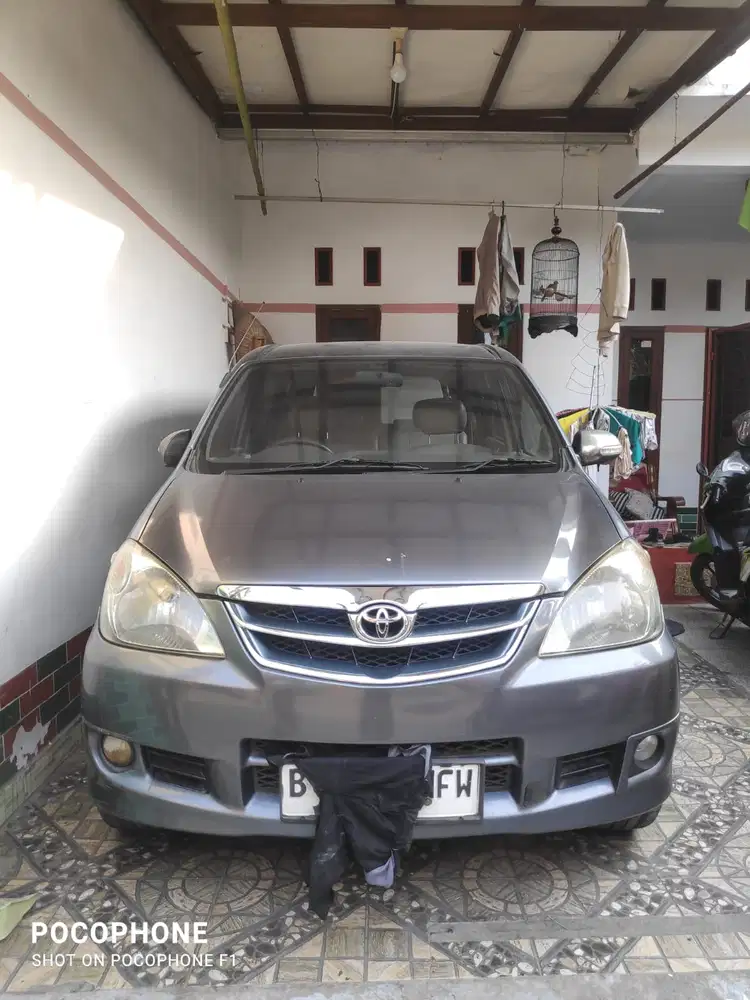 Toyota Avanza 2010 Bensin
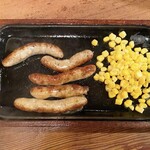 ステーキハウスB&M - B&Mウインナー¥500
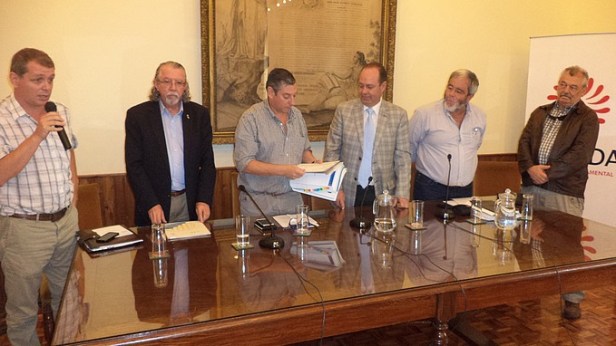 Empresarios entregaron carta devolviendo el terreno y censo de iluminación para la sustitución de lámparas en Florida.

* * *

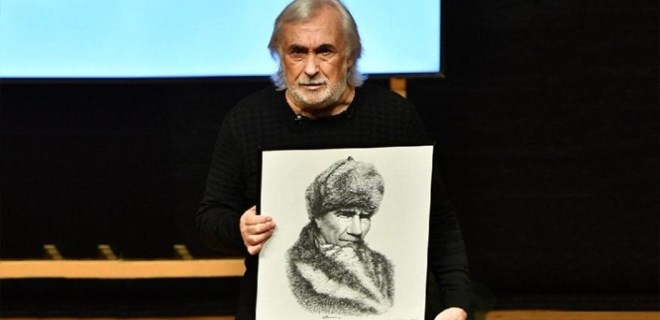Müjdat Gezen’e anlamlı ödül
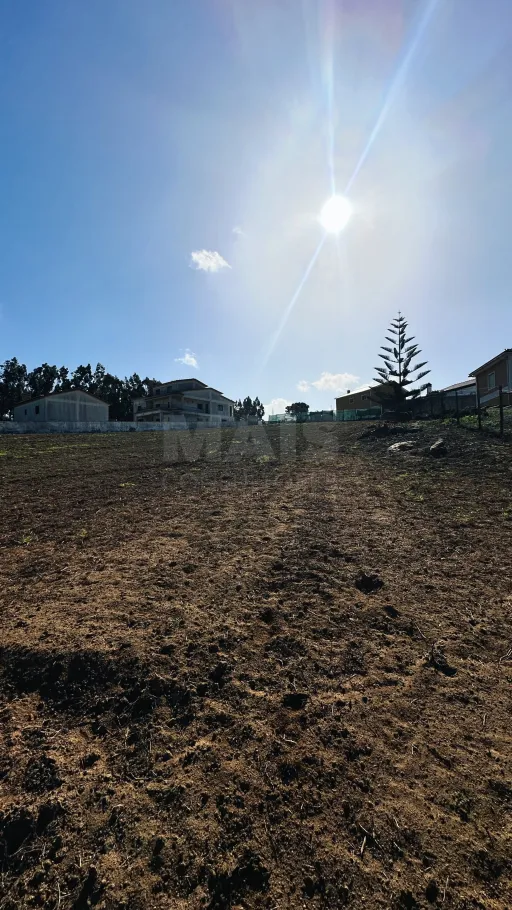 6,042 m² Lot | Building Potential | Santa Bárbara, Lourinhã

YOUR INSTRUCTIONS: Copy word for word the span of the records above that begins at the line with "Toyota Avanza 2010 Bensin" and ends at the line with "Empresarios entregaron carta", including those two lines but not the pictures.

TASK OUTPUT:
 Toyota Avanza 2010 Bensin
 ステーキハウスB&M - B&Mウインナー¥500
 Empresarios entregaron carta devolviendo el terreno y censo de iluminación para la sustitución de lámparas en Florida.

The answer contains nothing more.